[Work to be completed]: Quote word for word the lines below, beginning with the first and ending with the one that has "White Used 2021". Drop the pictures.

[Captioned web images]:
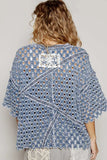 POL V-Neck Short Sleeve Top with Laser Cut Detail - Trendsi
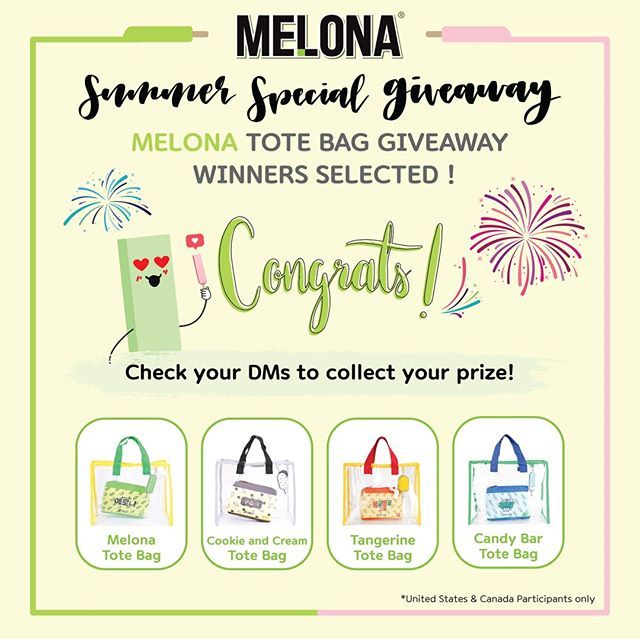 Our Summer Special Giveaway has now come to a close!! Thank you for participating and a BIG CONGRATULATIONS to the winners! Winners, make sure to check your DMs to choose and collect your Melona Tote Bag!! ift.tt/2G6GOg5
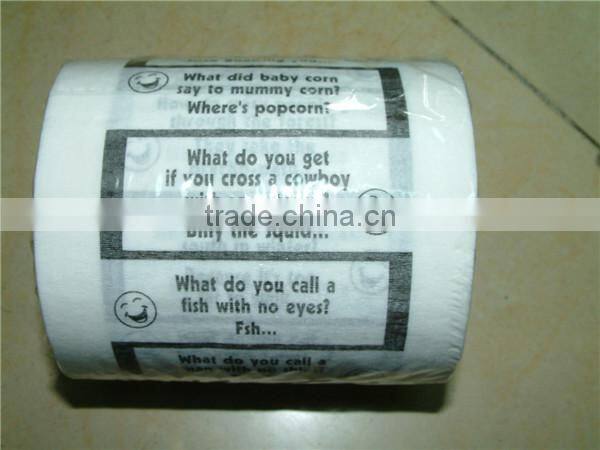 Virgin wood pulp custom printed toilet paper roll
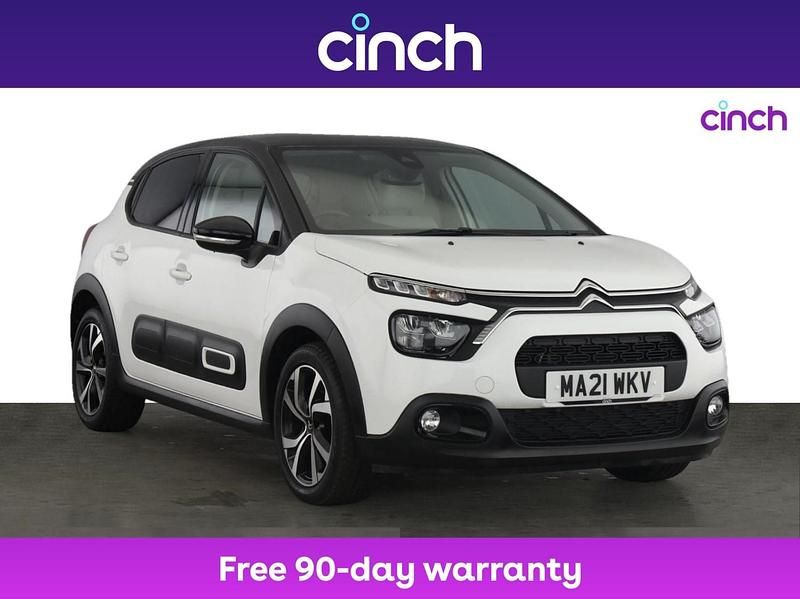 White Used 2021 Citroën C3 PureTech Hatchback | £10,799 (Fair price) - Image 1/3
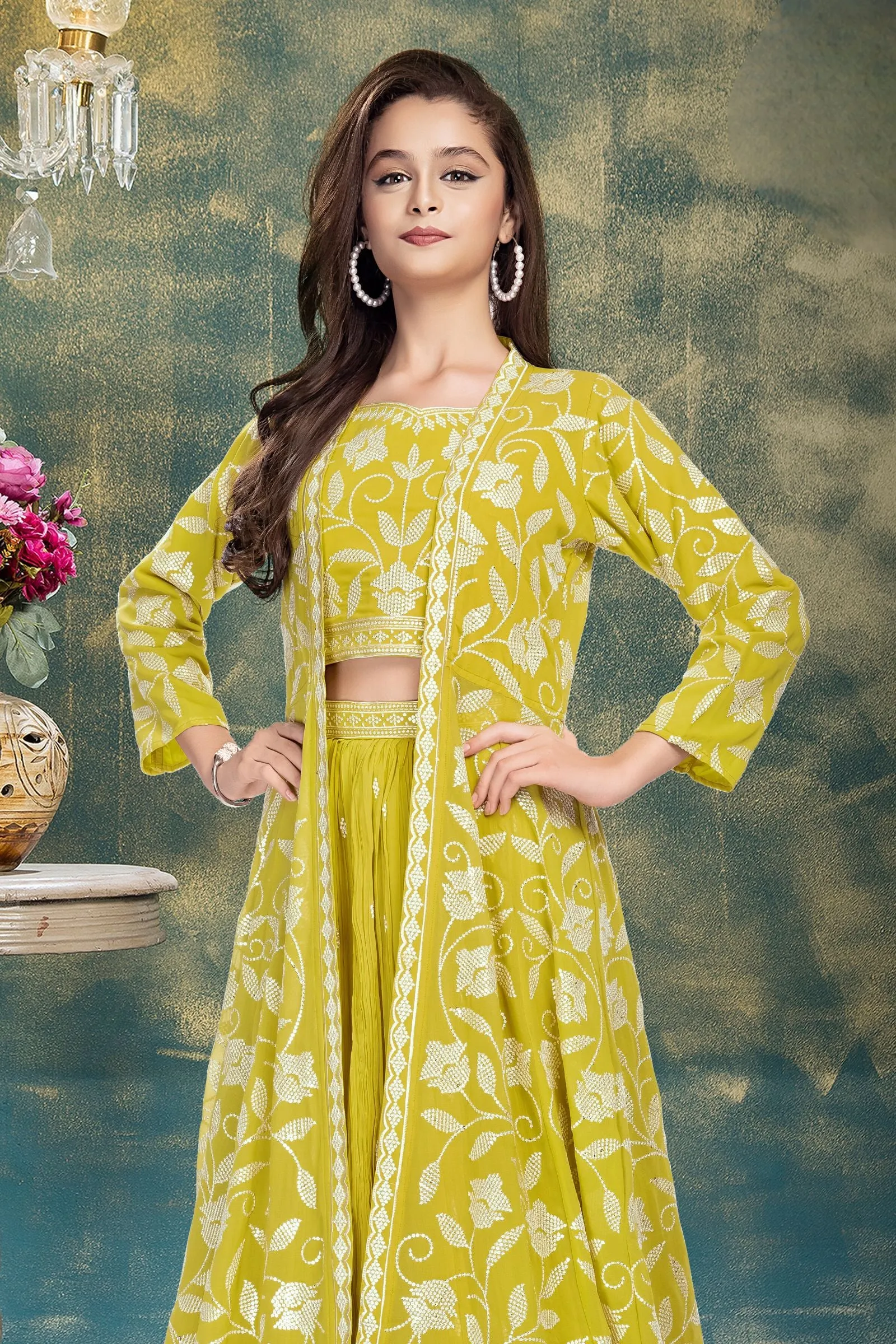 Lemon Yellow Sequins and Thread work Overcoat Styled Lehenga Choli for Girls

[Written answer]:
 POL V-Neck Short Sleeve Top with Laser Cut Detail - Trendsi
 Our Summer Special Giveaway has now come to a close!! Thank you for participating and a BIG CONGRATULATIONS to the winners! Winners, make sure to check your DMs to choose and collect your Melona Tote Bag!! ift.tt/2G6GOg5
 Virgin wood pulp custom printed toilet paper roll
 White Used 2021 Citroën C3 PureTech Hatchback | £10,799 (Fair price) - Image 1/3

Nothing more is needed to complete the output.